Kesadaran menimba air bukanlah sebagai prasyarat kewajiban bagi setiap santri. Tetapi, usaha-usaha penyadaran itu adalah ladang amal dan ladang pengalaman pembelajaran untuk menghadapi medan kehidupan dikemudian. Menjadi tua, baik menjadi petani atau lainnya, sejauh manusia masih menyadarinya, pekerjaan bersumur tetap niscaya. Apalagi, berada dan hidup di bumi yang kering, pekerjaan menimba air di sumur bermakna. Pekerjaan bersumur menjadi seklasik dan pedoman dalam mengambil sikap. Bahwa berarti, setiap praktik kelakuan harus bersumber pada usaha-usaha yang mendalam dan harus di airi dengan sikap-sikap yang bening, segar, dan maslahat melimpah.
Pada lembar kehidupan, makna sumur terpasung. Orang kiranya berharap, sumur-sumur tetap mangalirkan air dan tidak mengeringkan kehidupan. Air sumur disamping rumah-rumah manusia, baik yang kaya dan miskin kiranya harus tetap ngesep, meresapkan kebaikan, rezeki dan suluh sosial. Siapa pun yang datang menimba air sumur, kiranya ia akan menjadi danging batin yang mewujud pada kesatuan wujud: kebaikan. Jalin mejalin dari tali sumur yang keras, yang mengalirkan mengangkut air dari dalam sumur, mewartakan bahwa manusia harus bertalian kuat di antara manusia yang lain dengan bersepakat di jalan yang satu: jaring kemanusiaan. Agar kesatuan itu, mengantarkan kita ketujuan akhirnya, yaitu kehidupan humanis di dunia dan di alam baka.
Di kampung, sumur yang di bangun dan direnovasi sekitar tahun 1992. Tali dan bangunannya terbuat dari tanah, batu dan kapur yang di bakar kemudian digali sendiri oleh masyarakat. Maka tampaklah tali dan bangunan itu sangat sederhana tapi kuat. Tali dan bangunan itulah nilai-nilai kesederhanaan, ketulusan tatapi menjadi kuat dalam prinsip berbagi atau menghadapi rona masalah zaman. Kekuatan prinsip itu adalah penyanggah dalam bangunan kehidupan manusia. Bahkan, penggarapan yang digali sendiri ke dalam kerak bumi, agar kita manusia selalu bersikap mendalam, rendah hati. Tidak mau mengambil porsi dari apapun yang bukan haknya. Hanya dengan sikap itulah, peradaban kehidupan terbit dan tenggelam dengan terang.

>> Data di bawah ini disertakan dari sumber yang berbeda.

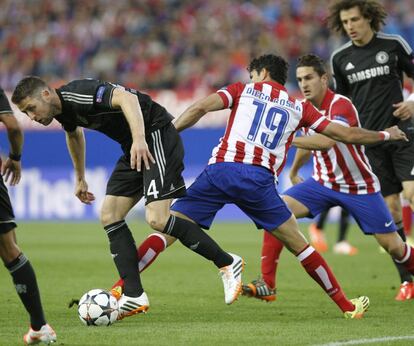 Diego Costa intenta arrebatar el balón al defensa del Chelsea, Gary Cahill 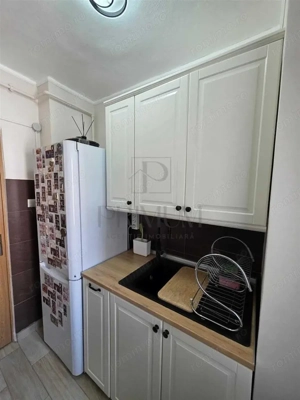 GHE.LAZAR | 3 CAM | RENOVAT | LIFT | ET.INTERMEDIAR | CENTRALA - imagine 5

Di kampung, sumur untuk semua orang. Bangunan sumur di buat melingkar. Di amperannya, orang-orang bisa menyuci. Orang-orang saling ngantri, berbagi ruang, saling bantu dan sumur juga dijadikan wahana edukasi. Sebuah kehidupan yang kini jarang kita temui.
Rekaman sejarah sumur di kampung adalah rekaman sejarah kehidupan badan manusianya. Nilai-darma, manfaat, dan harga terabadikan dalam diri sumur. Tetapi, ia tidak sekadar menyimpan keadilihungan atau sebaliknya. Sumur juga menjadi petunjuk ke mana arah manusia ia kini mengembara. Kiranya, selama sumur masih tetap memancarkan air, ia akan tetap dibutuhkan, apalagi di tengah arus kegelapan, komodifikasi pencahayaan di segala bidang kehidupan, kreativitas akumulasi bisnis dari sumur kehidupan, bahkan di tegah surplus sifat-sikap kelupaan dan ketamakan.